Optical-Character-Recogonizer
To develop a system that can recognize handwritten characters from an image.
OCR is a process of converting images of typed, handwritten or printed text into machine-editable text.
It is a common method of digitizing the handwritten characters and printed text in an image.A digit can be written in number of ways differing in shape and properties, such as tilt, stroke, cursivity and overall shape.Humans can easily recognize and read each digit. This is because the human perception processes the information by the features that define a digit’s shape in an overall fashion. Thus, while modelling the human perception model in machines an ANN can be applied for classification of characters.
*Artificial Neural Networks(ANN)is one of the best ways to build an OCR.

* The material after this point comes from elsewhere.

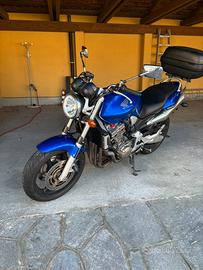 Honda Hornet 900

Artificial neural networks (ANNs) are computing systems inspired by the biological neural networks that constitute human brains. Such systems “learn” (i.e. progressively improve performance on) tasks by considering examples.

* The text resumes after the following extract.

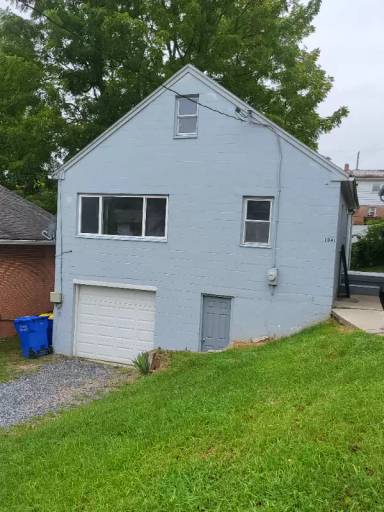 Main picture of 1041 3rd Ave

Dataset used: letter.data.gz
This dataset contains handwritten words dataset collected by Rob Kassel at MIT Spoken Language Systems Group. The tab delimited data file contains a line for each letter, with its label, pixel values, and several additional fields listed in letter.names file. Fields id: each letter is assigned a unique integer id letter: a-z next_id: id for next letter in the word, -1 if last letter word_id: each word is assigned a unique integer id (not used) position: position of letter in the word (not used) fold: 0-9 – cross-validation fold p_i_j: 0/1 – value of pixel in row i, column j
MODULE 1 – DIGIT RECOGNITION
DIGIT RECOGNITION
Block Diagram
The dataset is imported. The matrix of each image in the dataset are stored in arrays. Then the image is taken as input. Pre-processing is done such that the image is converted to grey-scale image. Then the image is converted to array and is matched with the arrays of dataset. Thus, the digit is recognized.
INPUT IMAGE
OUTPUT
MODULE 2 – ALPHABET RECOGNITION
ALPHABET RECOGNITION
BLOCK DIAGRAM
This module matches the handwritten alphabets present in a dataset. This application takes a string as input and segments the string into separate alphabets. Matrix is formed for each alphabet. A feed forward neural network is created using neurolab. The feed forward neural network is trained with a part of the dataset and is tested with the alphabets present in the input. The neural network predicts the alphabets that matches the alphabets in the input string.